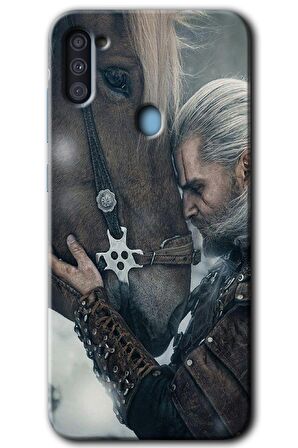 Galaxy A11 Kılıf HD Desen Baskılı Arka Kapak - Kadim Dost 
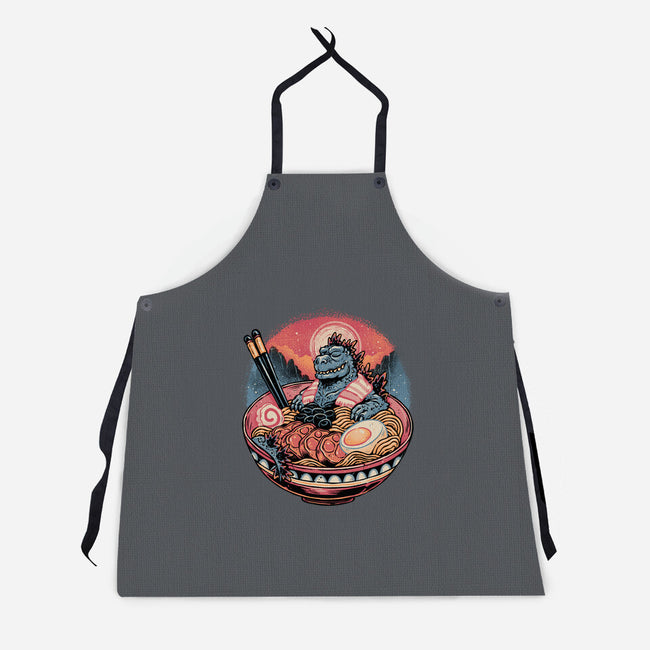 The Great Ramen Rest-Unisex-Kitchen-Apron-glitchygorilla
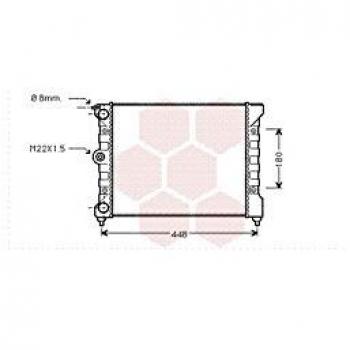 Radiador de refrigeración del motor VAN WEZEL 58002038 para Volkswagen Polo II Coupe y Seat Terra (02/1987 - 12/1996)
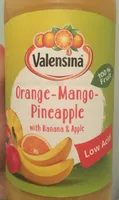 Orange mangue ananas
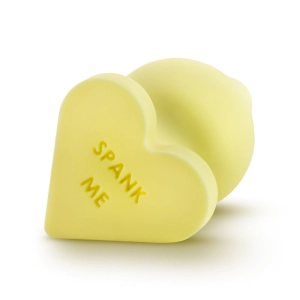 Naughty Candy Heart Buttplug Spank Me in Yellow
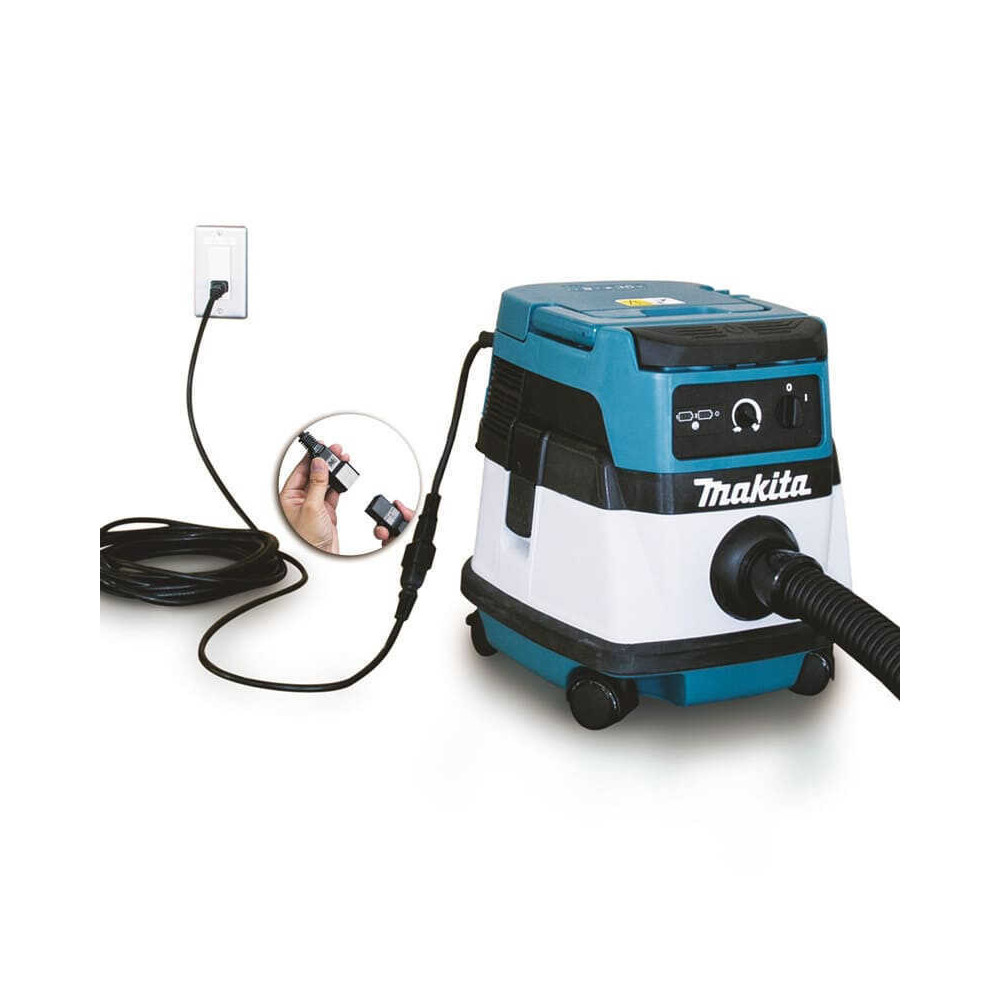 Aspirateur Makita DVC860LZ 2 x 18V LXT ou secteur 8 L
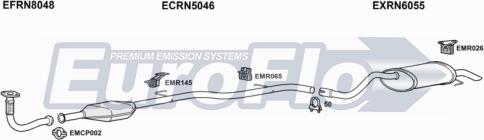 EuroFlo RNCLI19D 1008A - Система випуску ОГ autocars.com.ua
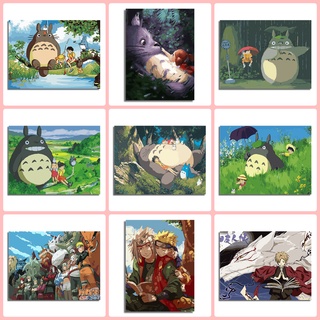 Xz ภาพจิตรกรรมสีน้ํามันลายการ์ตูนญี่ปุ่น Diy ไม่มีกรอบรูปขนาด 16x20 นิ้ว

Required work —
Nothing but the lines from the one containing "Naughty Candy Heart" through the final line of the records, both included and copied exactly, should appear in the answer; pictures stay out.

Result —
 Naughty Candy Heart Buttplug Spank Me in Yellow
 Aspirateur Makita DVC860LZ 2 x 18V LXT ou secteur 8 L
 EuroFlo RNCLI19D 1008A - Система випуску ОГ autocars.com.ua
 Xz ภาพจิตรกรรมสีน้ํามันลายการ์ตูนญี่ปุ่น Diy ไม่มีกรอบรูปขนาด 16x20 นิ้ว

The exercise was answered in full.